Fibromyalgia syndrome—am I an autoimmune condition?, 2025, Goebel

voner

Senior Member (Voting Rights)
This is disapointing…

…"This implies that experience of trauma and distress might elicit a specific immune-biological response in genetically or otherwise (eg, past infection, toxicity, trauma) vulnerable individuals, which includes the production of harmful noninflammatory autoantibodies." …

 
I think it’s worth pasting the entire section (line breaks added). I’m putting it in plain text to make it easier to quote.

4.4. Triggers and the biopsychosocial dimension
If FMS is autoimmune, then it has “special” features. The recognition of biopsychosocial triggers to the onset of FMS59 implies that a substantial group of patients, although not all and perhaps not the majority, have experienced severe distress before FMS onset. The sensitive nature of such a link, which can and commonly does lead to misunderstanding and stigmatisation, has been discussed.12

Clearly, FMS does not develop in everybody who experiences severe distress, so that other factors must also play a role. At the same time, more fundamentally the recognition of a likely trauma/distress-trigger in a subgroup of patients with FMS, together with the described autoantibody findings now positions any distress-FMS relation into a new context.
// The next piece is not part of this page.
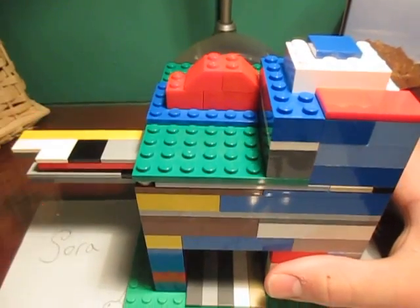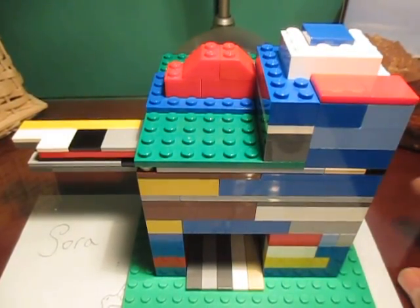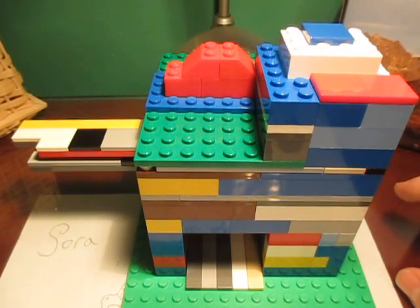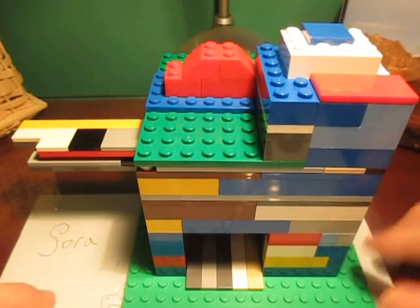Alright guys, I hope you enjoyed this candy machine. Smash that like button — it really helps. If you're new to the channel, please subscribe. It really helps, and I will see you in my next video. Bye!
This implies that experience of trauma and distress might elicit a specific immune-biological response in genetically or otherwise (eg, past infection, toxicity, trauma) vulnerable individuals, which includes the production of harmful noninflammatory autoantibodies. More studies are needed to confirm this.

Similar sequences from distress experience to disease phenotype are of course known from other autoimmune disorders,2,24 but in FMS, this phenomenon might be particularly common; in addition, FMS is also a much more common condition than “classical” autoimmune disorders; hence, any such relation should perhaps more acutely lead to considerations of preventative approaches.

Alternative primary triggers for the immune reaction leading to FMS might include infection, such as after COVID19 exposure26,36 or toxicity, such as after fluroquinolone medication.3 Other patients may develop the condition spontaneously, without any trigger.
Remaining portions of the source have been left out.